▸ **Task details**
Your answer should be the lines below from the one with "Ảnh 8. Review" to the one with "920-924 Burgundy Pl", both included, given again exactly and with nothing added.

▸ **Input records**
──────────────────────────────

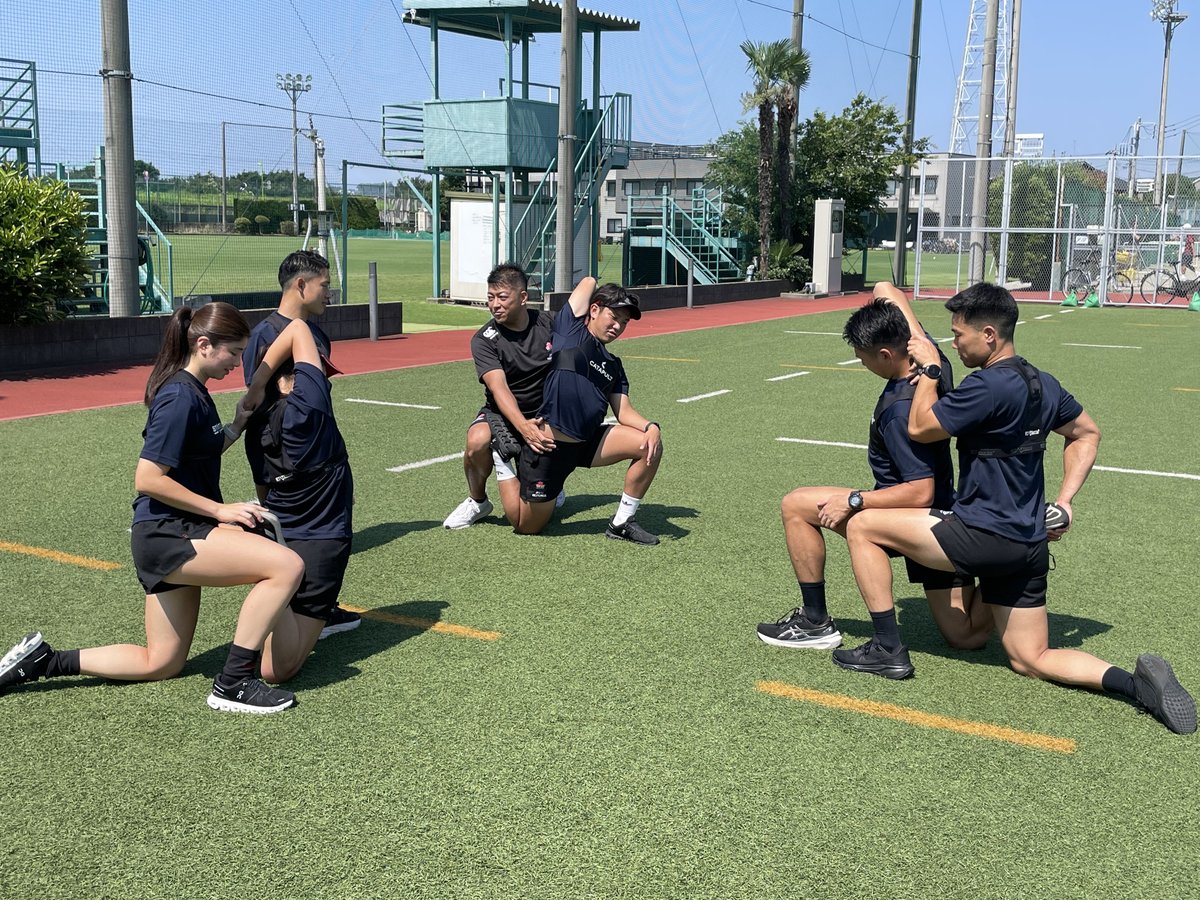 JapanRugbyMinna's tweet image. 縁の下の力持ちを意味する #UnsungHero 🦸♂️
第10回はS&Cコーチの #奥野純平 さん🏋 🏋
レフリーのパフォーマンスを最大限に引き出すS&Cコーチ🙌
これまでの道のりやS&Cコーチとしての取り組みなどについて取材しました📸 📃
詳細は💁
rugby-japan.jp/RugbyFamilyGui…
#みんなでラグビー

──────────────────────────────

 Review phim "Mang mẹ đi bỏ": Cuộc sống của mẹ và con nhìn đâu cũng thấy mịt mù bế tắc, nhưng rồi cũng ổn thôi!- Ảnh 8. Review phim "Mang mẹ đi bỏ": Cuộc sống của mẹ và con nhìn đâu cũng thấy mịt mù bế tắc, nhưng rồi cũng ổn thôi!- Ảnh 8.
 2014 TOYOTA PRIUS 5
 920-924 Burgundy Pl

──────────────────────────────

▸ **Result of this exercise**
 Review phim "Mang mẹ đi bỏ": Cuộc sống của mẹ và con nhìn đâu cũng thấy mịt mù bế tắc, nhưng rồi cũng ổn thôi!- Ảnh 8. Review phim "Mang mẹ đi bỏ": Cuộc sống của mẹ và con nhìn đâu cũng thấy mịt mù bế tắc, nhưng rồi cũng ổn thôi!- Ảnh 8.
 2014 TOYOTA PRIUS 5
 920-924 Burgundy Pl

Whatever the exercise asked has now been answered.